#### DATA SHOWN ####

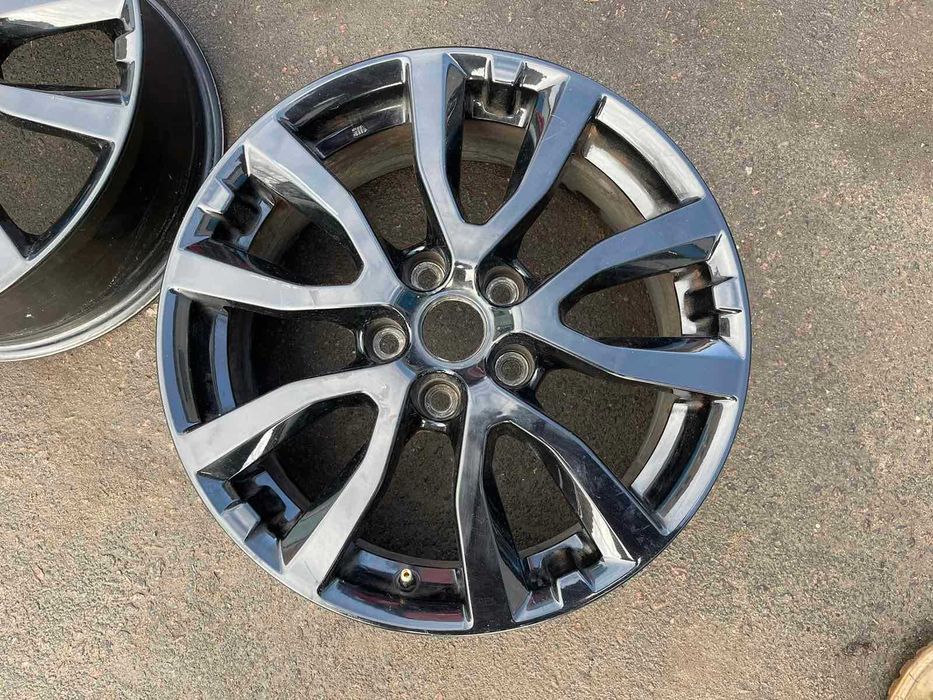 Диск Nissan Rogue T 32 MIDNIGHT  R 17
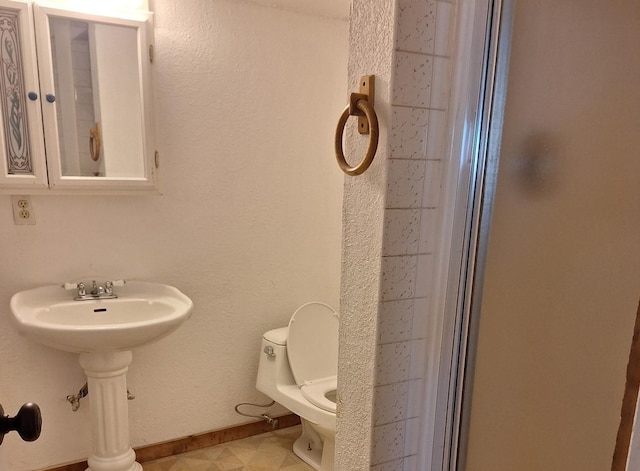 427 W 7th St, Newport, WA 99156 - bathroom with toilet and a shower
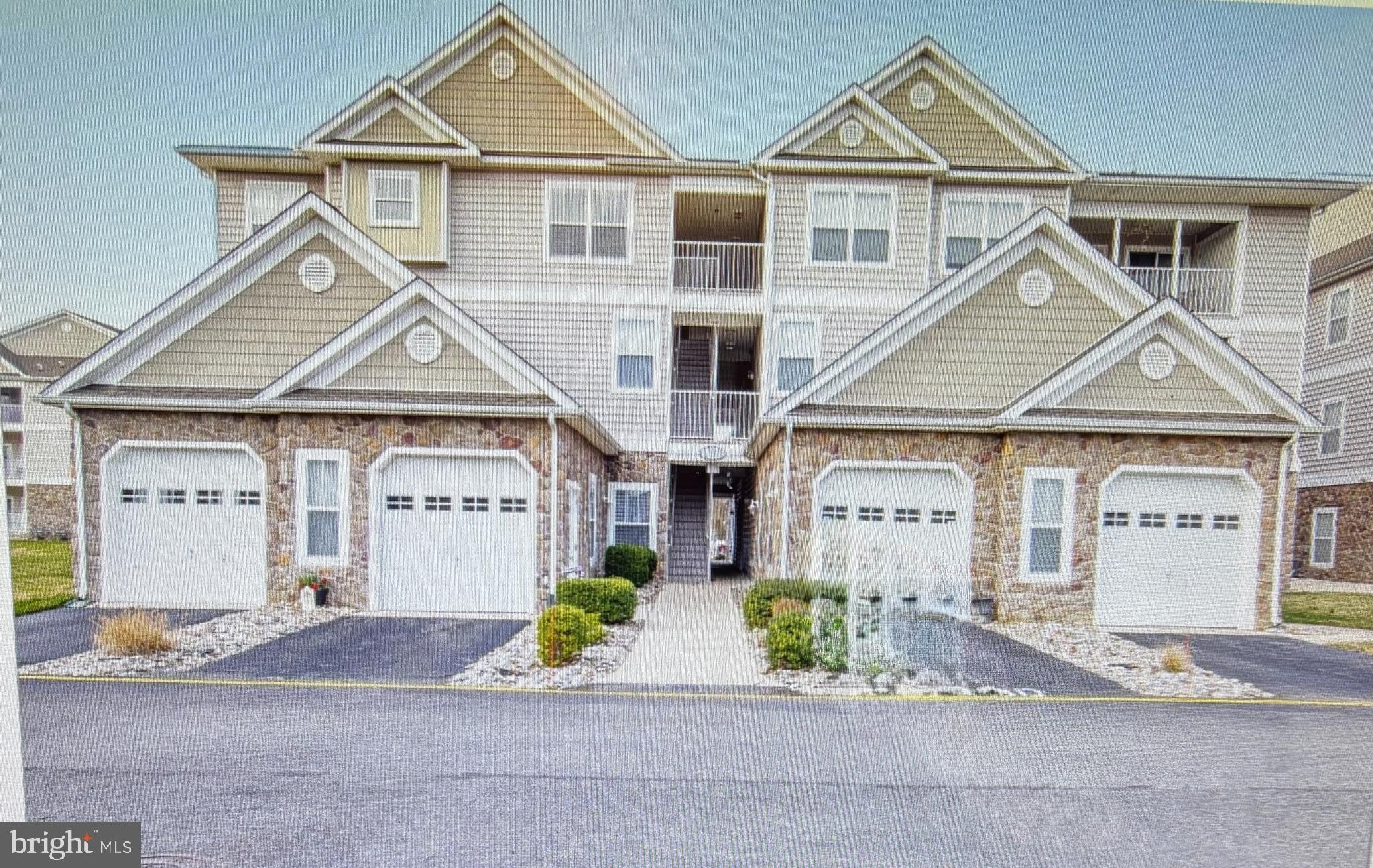 HEARTHSTONE MANOR - Residential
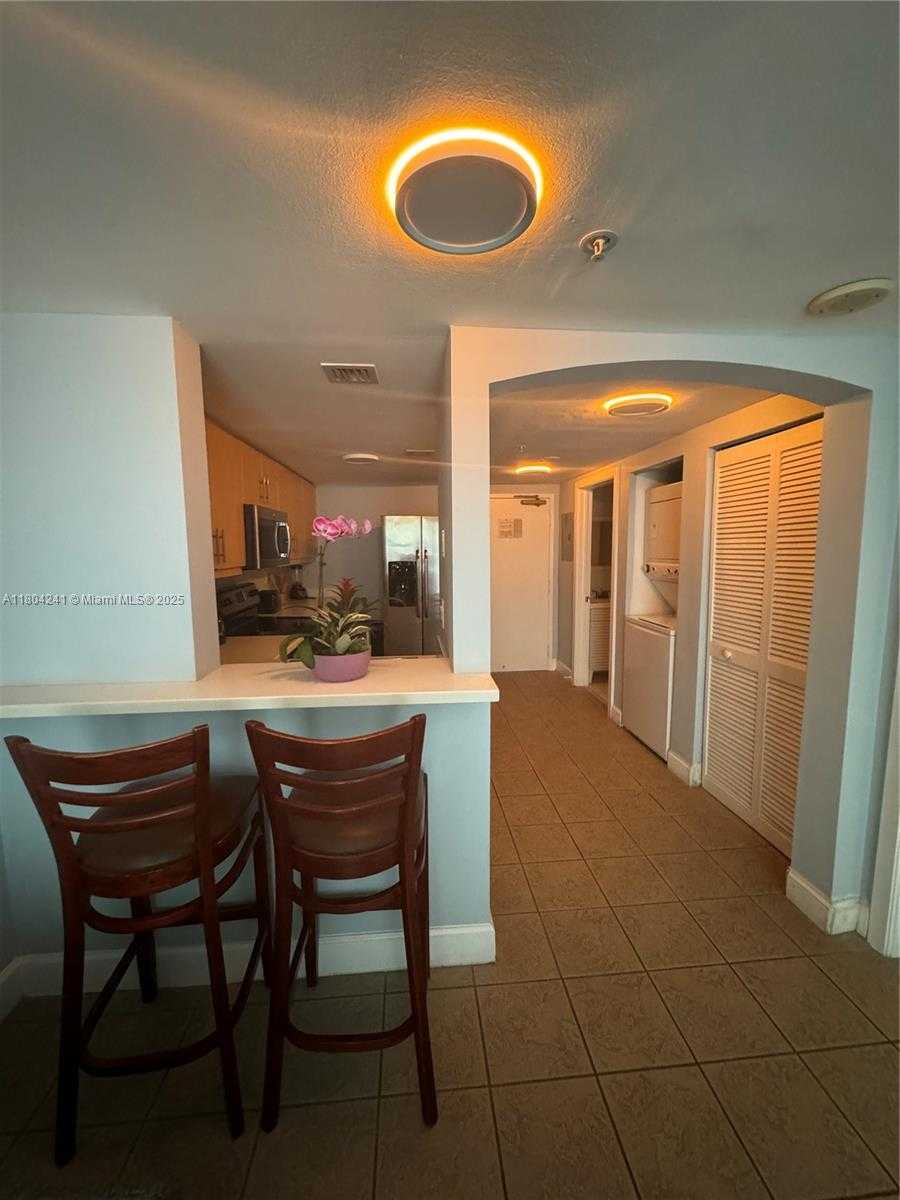 Small Image of 2951 SOUTH BAYSHORE DR #215, Miami Number 26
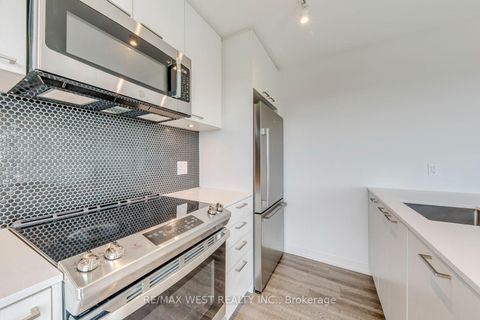 Photo 19 at 910 - 1808 St. Clair Avenue W, Pellam Park, Toronto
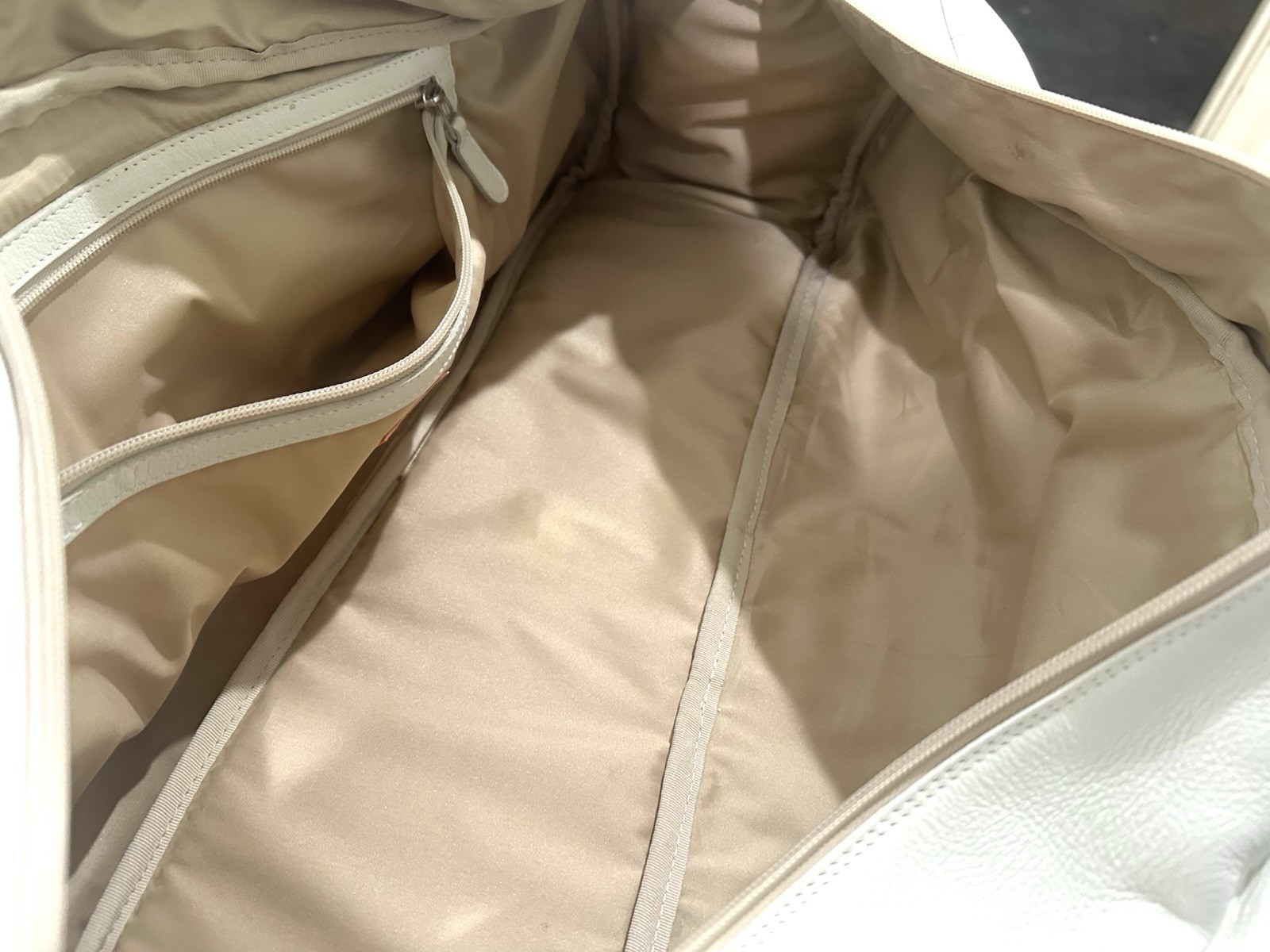 Latico NJ 22” Leather Retro Duffel Weekender Bag White w Pink Bowling Stripes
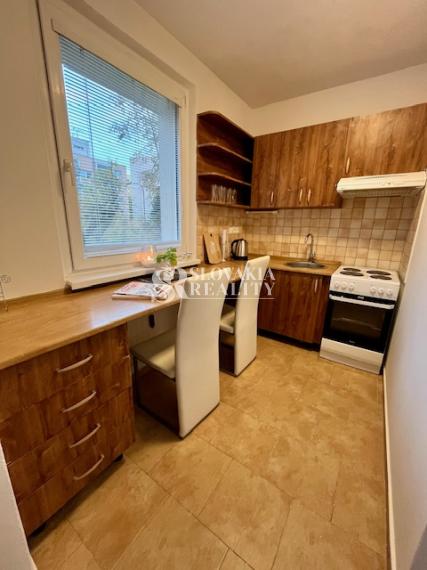 1-izbový byt Klokočina, internet, energie, výťah, pivnica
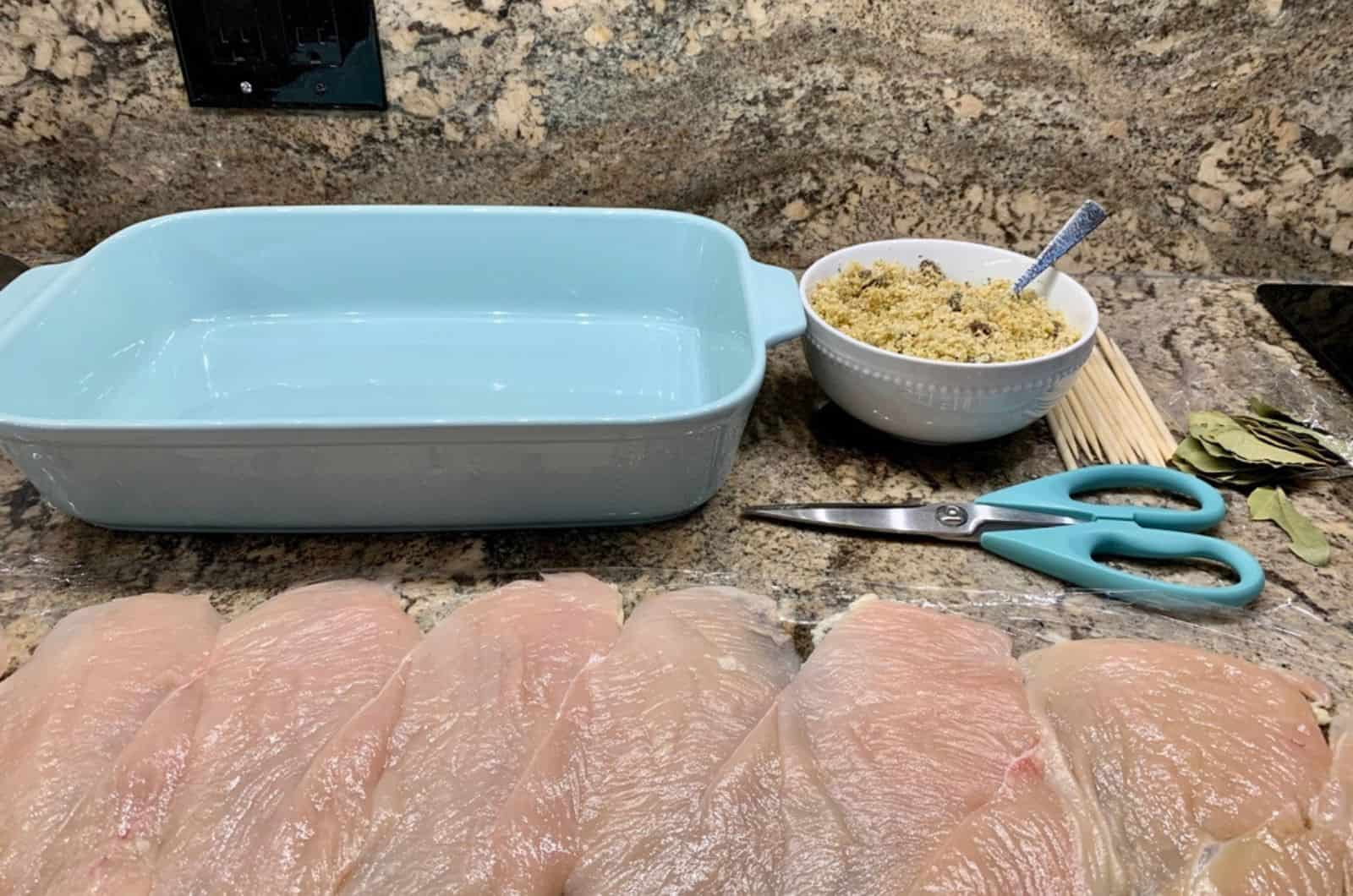 Una estación de cocina para preparar un pollo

####

* EXERCISE BRIEF:
Transcribe the records above exactly, leaving out every picture.

* TASK RESULT:
 Диск Nissan Rogue T 32 MIDNIGHT  R 17
 427 W 7th St, Newport, WA 99156 - bathroom with toilet and a shower
 HEARTHSTONE MANOR - Residential
 Small Image of 2951 SOUTH BAYSHORE DR #215, Miami Number 26
 Photo 19 at 910 - 1808 St. Clair Avenue W, Pellam Park, Toronto
 Latico NJ 22” Leather Retro Duffel Weekender Bag White w Pink Bowling Stripes
 1-izbový byt Klokočina, internet, energie, výťah, pivnica
 Una estación de cocina para preparar un pollo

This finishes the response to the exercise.